Short web captions:

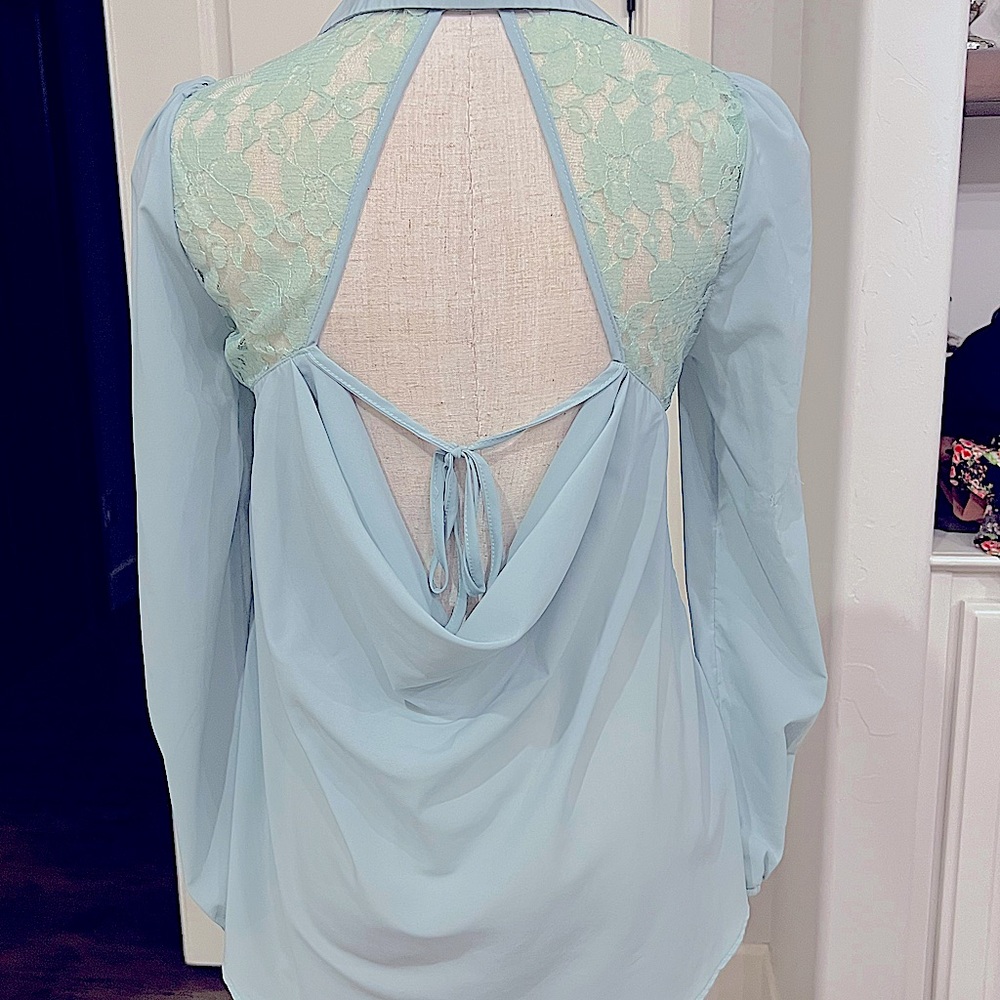 Lace Button Down Top With Draped Back Detailing (… - image 2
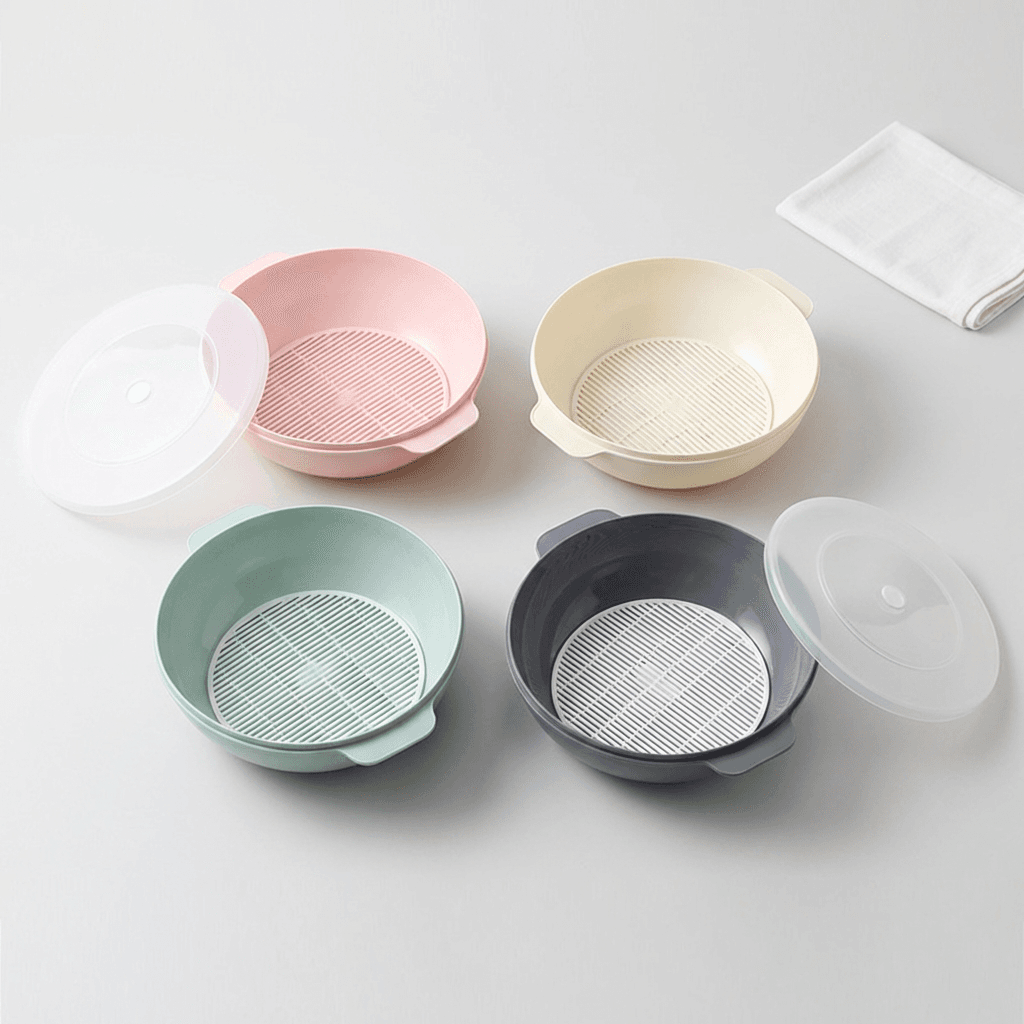 가쯔 쿡스 전자레인지 찜기, 다크그레이, 1L, 2개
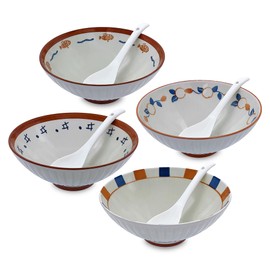 KeQiu Ceramic 8 Inch Ramen Bowls Set of 4 with Spoon, 38 Oz Soup Bowls for Udon, Soba, Noodles and Soup, Vintage Japanese Style, Perfect for Ramen Dining Experience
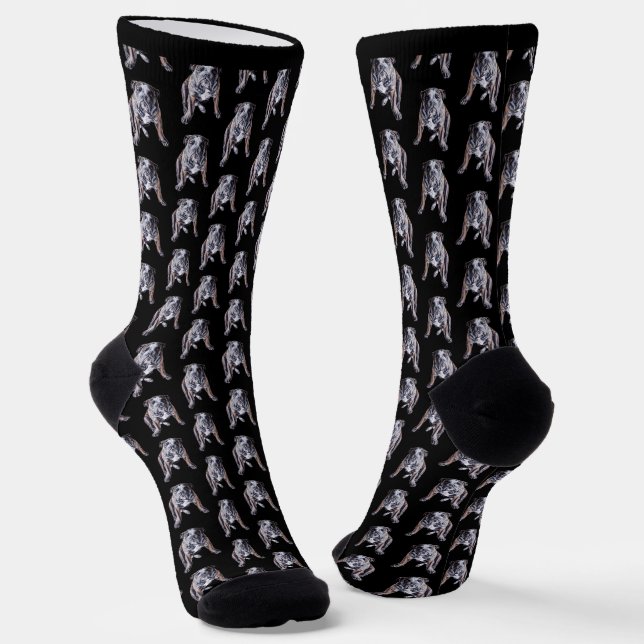 Bulldog Socks English Bulldog Socks Customize Socken (Gewinkelt)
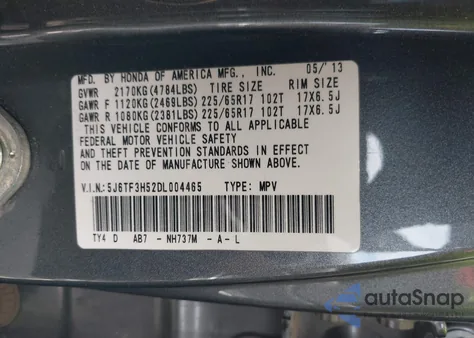 2013 Honda Crosstour Ex-L from USA, damaged, VIN 5J6TF3H52DL004465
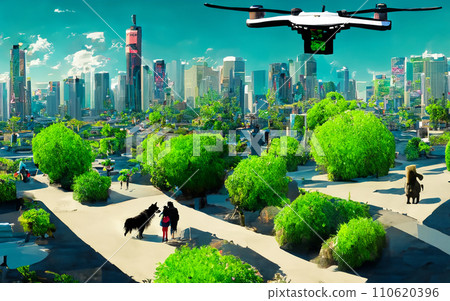 AI生成圖像 未來城市形象 未來城市 SF 高層建築 綠人 未來人 狗狗生活方式 110620396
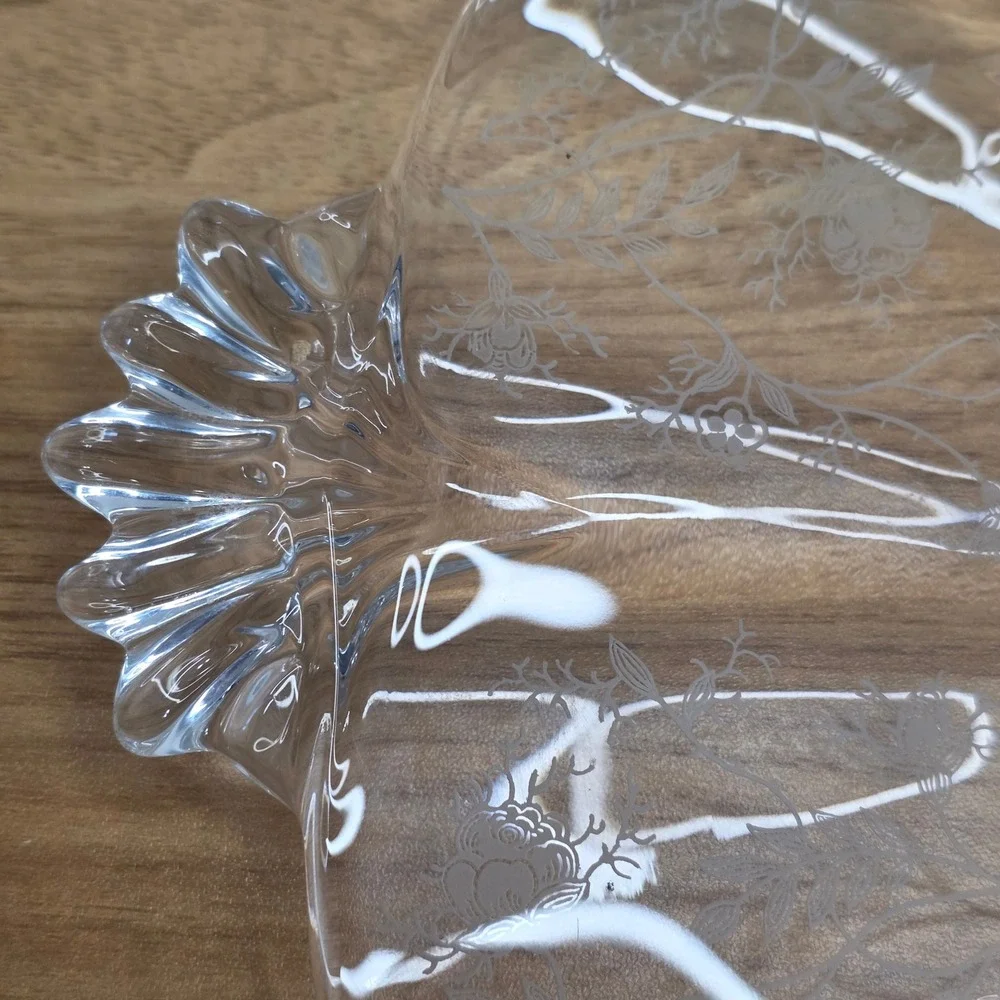 Vintage Fostoria Glass Clear Chintz Etched Baroque Handled‎ Cake Plate - 12.5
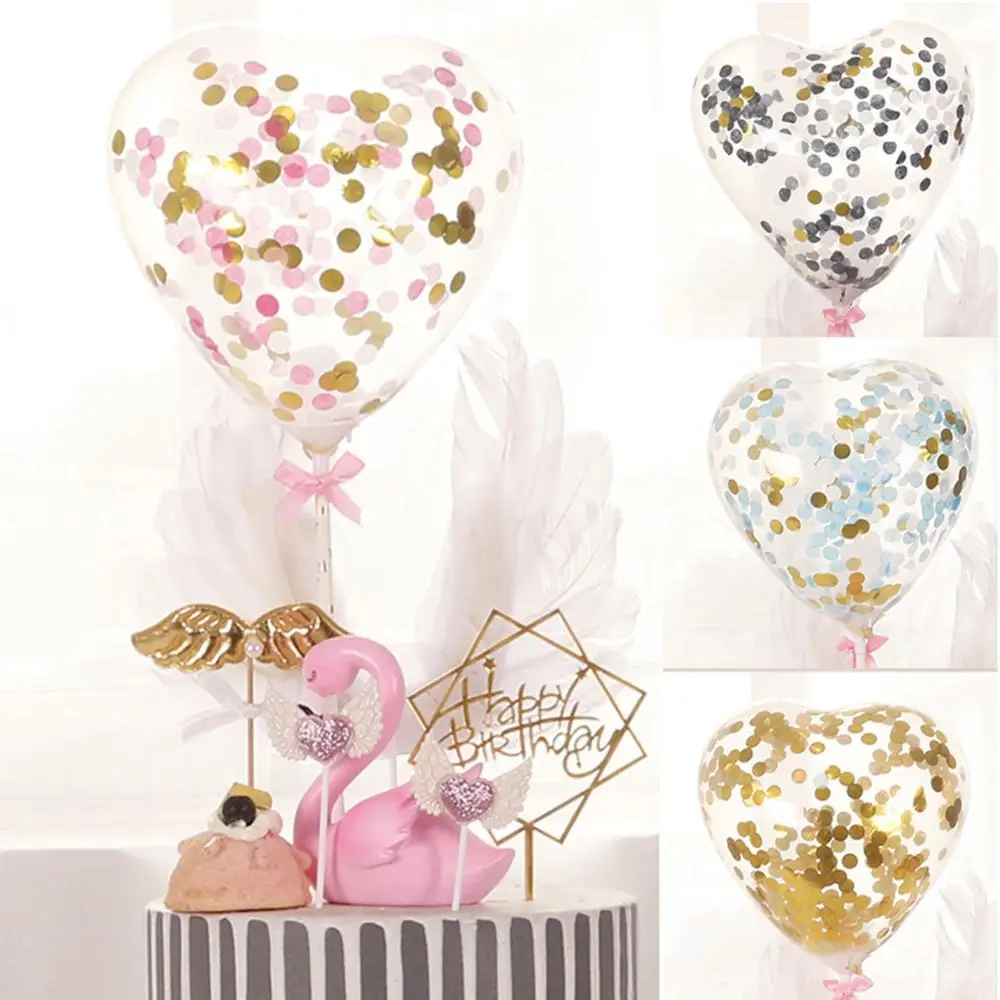 10 шт./упак. 5 дюймов шар с конфетти для торта маленькое сердце прозрачный шар для дня рождения вечеринки Свадебные украшения креативный Деко...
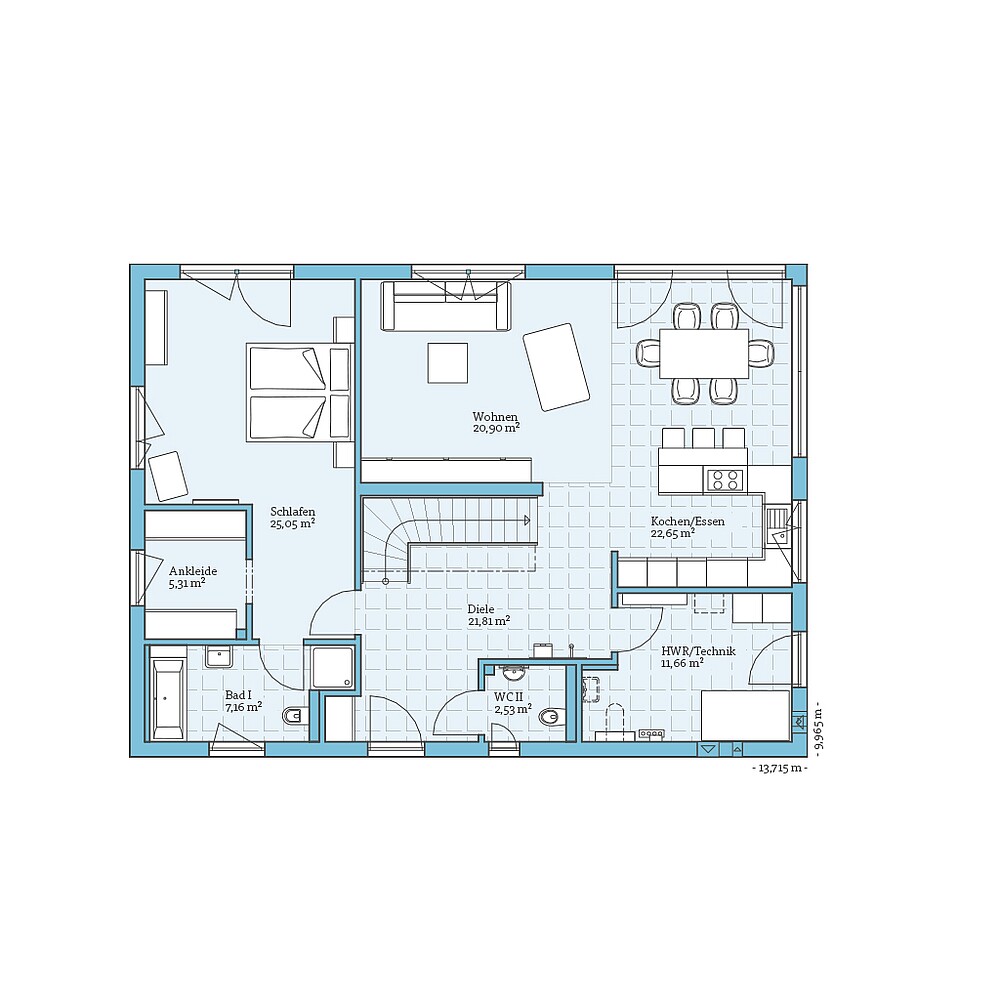 Erdgeschoss Fertighaus Variant 35-235 Variante 1: Grundriss EG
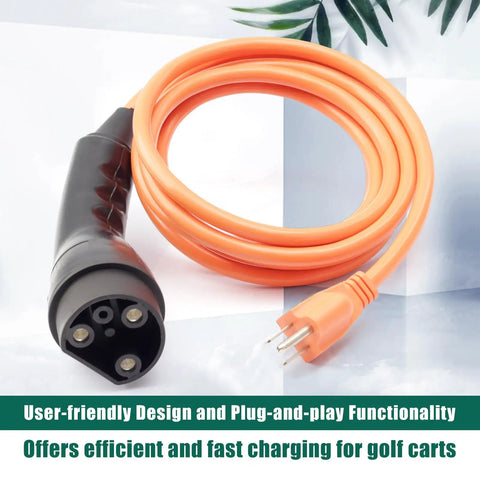 120V Three Pin Golf Cart Charging Power Cord Replacement Tailored Fit For Evolution Icon EV Fleet No Fuss Wall Setup Smooth Operator Charging cable in bright orange, 10 ft long with three pin connection.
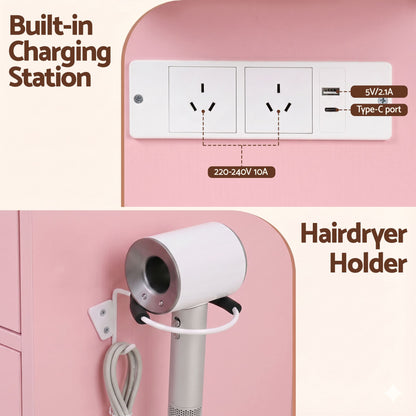 Artiss Dressing Table Charging Station LED Vanity Desk Set – Pink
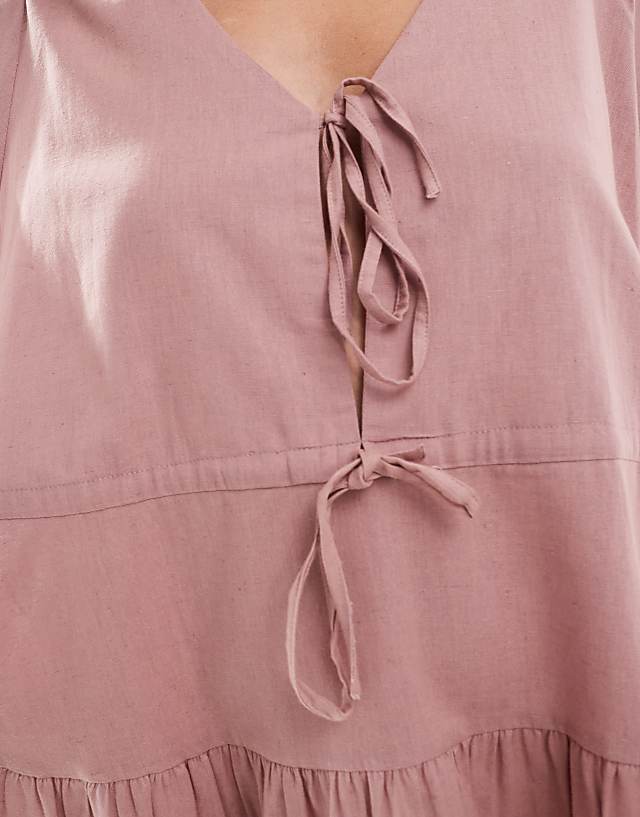 Asos Esmee Curve Exclusive Linen Mix Long Sleeve Tiered Mini Tie Front Beach Dress In Caramel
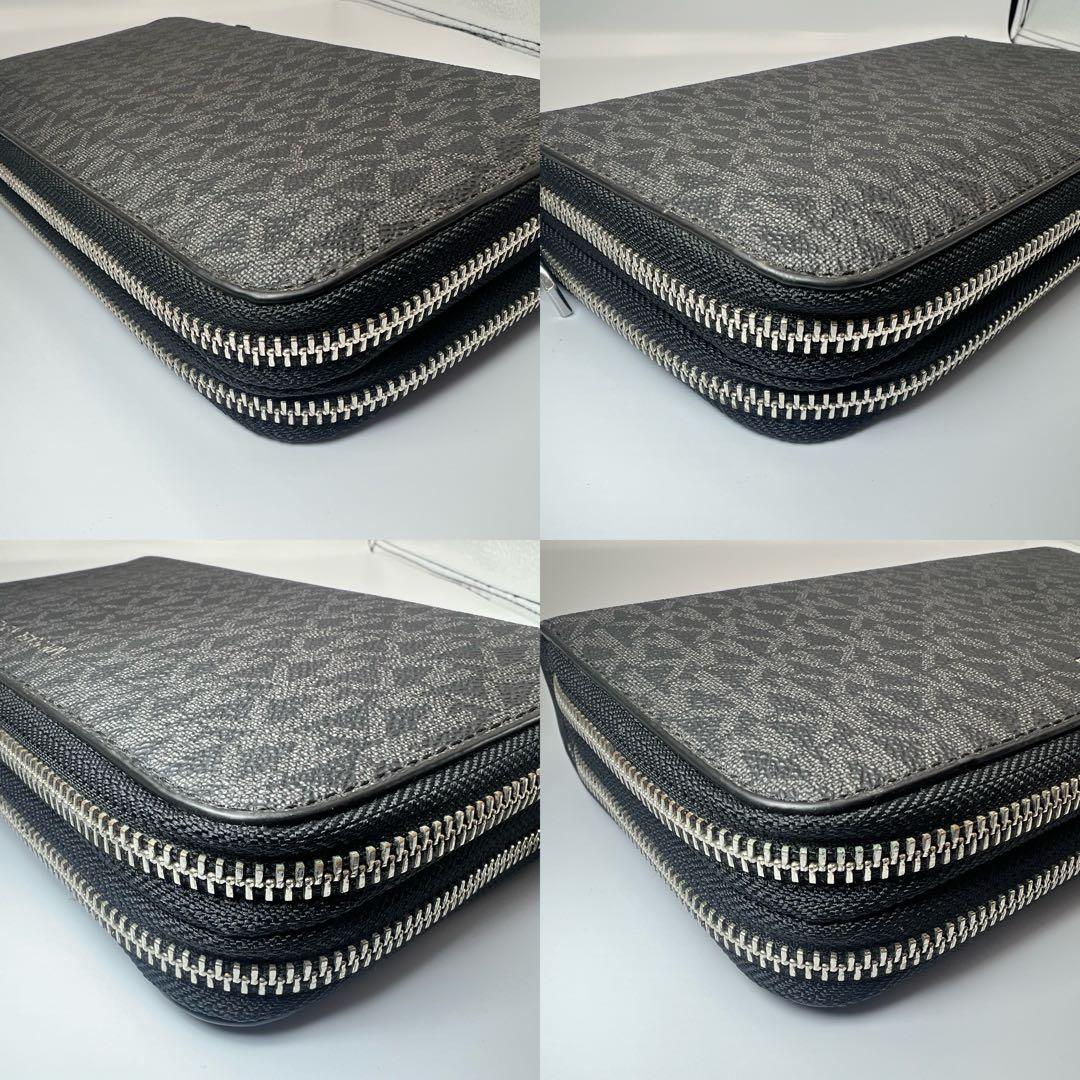 マイケルコース　オーガナイザー　MK総柄　レザー　財布　ウォレットバッグ　黒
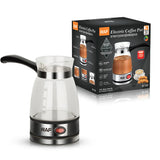 Electric Coffee Maker Glass Turkish Coffee Pot Italian Mocha Tea Milk Heating Machine Portable for Household Office 5-6 Cups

◆ **Work order**
Make an exact copy of every entry above, minus the images.

◆ **Response area**
 Lace Button Down Top With Draped Back Detailing (… - image 2
 가쯔 쿡스 전자레인지 찜기, 다크그레이, 1L, 2개
 KeQiu Ceramic 8 Inch Ramen Bowls Set of 4 with Spoon, 38 Oz Soup Bowls for Udon, Soba, Noodles and Soup, Vintage Japanese Style, Perfect for Ramen Dining Experience
 Bulldog Socks English Bulldog Socks Customize Socken (Gewinkelt)
 2013 Honda Crosstour Ex-L from USA, damaged, VIN 5J6TF3H52DL004465
 AI生成圖像 未來城市形象 未來城市 SF 高層建築 綠人 未來人 狗狗生活方式 110620396
 Vintage Fostoria Glass Clear Chintz Etched Baroque Handled‎ Cake Plate - 12.5
 10 шт./упак. 5 дюймов шар с конфетти для торта маленькое сердце прозрачный шар для дня рождения вечеринки Свадебные украшения креативный Деко...
 Erdgeschoss Fertighaus Variant 35-235 Variante 1: Grundriss EG
 120V Three Pin Golf Cart Charging Power Cord Replacement Tailored Fit For Evolution Icon EV Fleet No Fuss Wall Setup Smooth Operator Charging cable in bright orange, 10 ft long with three pin connection.
 Artiss Dressing Table Charging Station LED Vanity Desk Set – Pink
 Asos Esmee Curve Exclusive Linen Mix Long Sleeve Tiered Mini Tie Front Beach Dress In Caramel
 マイケルコース　オーガナイザー　MK総柄　レザー　財布　ウォレットバッグ　黒
 Electric Coffee Maker Glass Turkish Coffee Pot Italian Mocha Tea Milk Heating Machine Portable for Household Office 5-6 Cups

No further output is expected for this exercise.